Luckily this crocodile was, Francis said, “pretty chill” and accommodating, swimming inches by the camera’s fisheye lens.

This photo of a Ghost Goby fish resting on a crimson sea pen is one of three underwater images Rick Francis submitted as a set to the British Society of Underwater Photographers.

For his set of three underwater photograph submissions, including the crocodile, Francis received the top prize in the “Beginner” category of a competition by the British Society of Underwater Photographers for photographers who have not previously placed in a major underwater photo competition.

The other photos in the winning set feature a tiny, speckled Ghost Goby fish, colored in the orange of a spectacular sunset with the pop of dark blue eyes that stare inquisitively and directly at us, resting on a crimson sea pen; and a pair of algae-munching sea slugs, each the size of a grain of rice with friendly faces and cartoonish black dots for eyes.

Francis said the key to the three photos, each taken during separate pre-pandemic trips in 2019 and in early 2020, is that he was at eye-level with the subjects when he photographed them — and that they in turn were looking directly into the camera. Capturing these photos required skill and luck. There’s the ocean current to contend with while also lining up the shot and framing it “just right.”

“And when something’s moving,” he said, “it’s really, really tough. I knew I was lucky.”

At 62, Francis has been taking underwater photos for quite a while, but recognition from an organized competition of his peers has remained elusive.

The size of a grain of rice, these algae-munching sea slugs look like friendly sheep.

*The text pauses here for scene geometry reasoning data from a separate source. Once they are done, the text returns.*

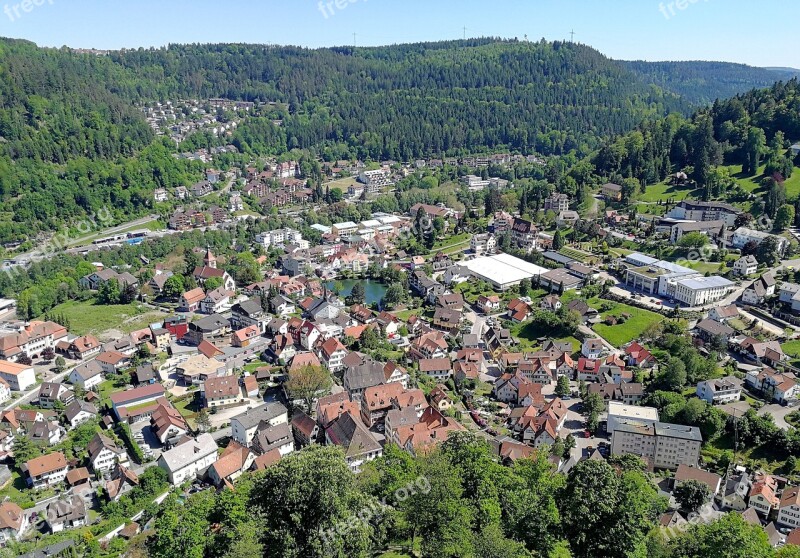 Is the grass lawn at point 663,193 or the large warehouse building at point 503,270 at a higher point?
the grass lawn at point 663,193

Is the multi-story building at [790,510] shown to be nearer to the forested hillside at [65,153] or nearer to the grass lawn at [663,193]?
the grass lawn at [663,193]

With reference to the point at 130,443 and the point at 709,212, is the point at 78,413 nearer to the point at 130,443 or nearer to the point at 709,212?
the point at 130,443

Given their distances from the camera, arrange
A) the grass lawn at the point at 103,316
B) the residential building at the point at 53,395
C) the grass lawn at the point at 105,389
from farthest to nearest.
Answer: the grass lawn at the point at 103,316 < the grass lawn at the point at 105,389 < the residential building at the point at 53,395

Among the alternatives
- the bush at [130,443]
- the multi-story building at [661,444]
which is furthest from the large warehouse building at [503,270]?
the bush at [130,443]

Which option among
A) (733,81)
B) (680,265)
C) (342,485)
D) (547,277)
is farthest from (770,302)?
(733,81)

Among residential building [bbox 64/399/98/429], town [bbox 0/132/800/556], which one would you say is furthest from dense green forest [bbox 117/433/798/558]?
residential building [bbox 64/399/98/429]

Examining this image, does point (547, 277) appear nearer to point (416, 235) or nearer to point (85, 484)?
point (416, 235)

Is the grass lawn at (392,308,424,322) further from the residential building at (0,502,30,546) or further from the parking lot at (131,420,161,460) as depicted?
the residential building at (0,502,30,546) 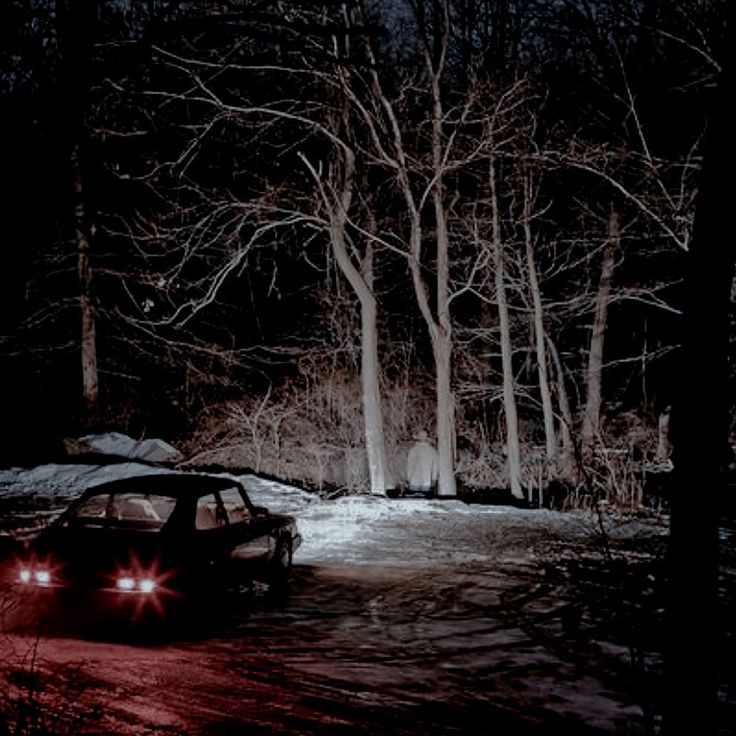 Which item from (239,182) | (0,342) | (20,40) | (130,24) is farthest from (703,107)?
(0,342)

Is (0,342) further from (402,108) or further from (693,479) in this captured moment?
(693,479)

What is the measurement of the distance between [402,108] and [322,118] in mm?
2466

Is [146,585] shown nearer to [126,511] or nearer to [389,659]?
[126,511]

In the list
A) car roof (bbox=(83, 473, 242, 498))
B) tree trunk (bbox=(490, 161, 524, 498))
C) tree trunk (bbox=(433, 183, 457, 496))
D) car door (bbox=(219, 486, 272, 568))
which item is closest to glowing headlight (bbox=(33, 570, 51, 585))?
car roof (bbox=(83, 473, 242, 498))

But for his 2020 entry, Francis said he felt “pretty good” about his chances.

“I thought I had some strong photos,” he said. “I think I had three good ones and a lot of people had either two great ones or one real jaw-dropper but not three of them this time.”

Francis said he hopes to make additional underwater photo trips this year, assuming the pandemic abates. Meanwhile, he has been busy taking photos on the ground and nearby at many of the area’s Metroparks. Francis shares a collection of work on Instagram.

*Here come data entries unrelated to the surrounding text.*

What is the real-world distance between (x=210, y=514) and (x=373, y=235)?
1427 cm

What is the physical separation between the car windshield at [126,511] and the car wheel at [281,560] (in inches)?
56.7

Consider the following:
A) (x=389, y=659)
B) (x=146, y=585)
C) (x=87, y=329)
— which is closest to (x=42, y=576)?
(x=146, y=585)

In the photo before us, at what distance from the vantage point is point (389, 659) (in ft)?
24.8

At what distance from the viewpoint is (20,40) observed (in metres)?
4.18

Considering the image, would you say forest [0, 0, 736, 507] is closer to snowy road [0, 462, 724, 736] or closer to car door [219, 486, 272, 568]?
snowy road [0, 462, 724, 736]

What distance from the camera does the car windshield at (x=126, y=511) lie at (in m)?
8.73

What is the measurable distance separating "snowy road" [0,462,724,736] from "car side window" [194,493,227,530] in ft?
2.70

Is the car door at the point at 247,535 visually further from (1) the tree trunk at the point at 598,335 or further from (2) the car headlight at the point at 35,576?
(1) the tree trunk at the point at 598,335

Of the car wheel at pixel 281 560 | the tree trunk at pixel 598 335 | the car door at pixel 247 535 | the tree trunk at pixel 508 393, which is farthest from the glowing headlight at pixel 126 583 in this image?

And for those who are inspired to take up photography themselves, Francis said it doesn’t have to involve a crocodile approximately 1,500 miles away or even the use of expensive equipment. Capturing nature’s beauty with a cellphone camera while on a stroll at the Metroparks is a great place to start.

“It’s also a nice place to be after staring at a computer screen at home,” Francis added, “just to walk around there for an hour, looking for a little beauty.”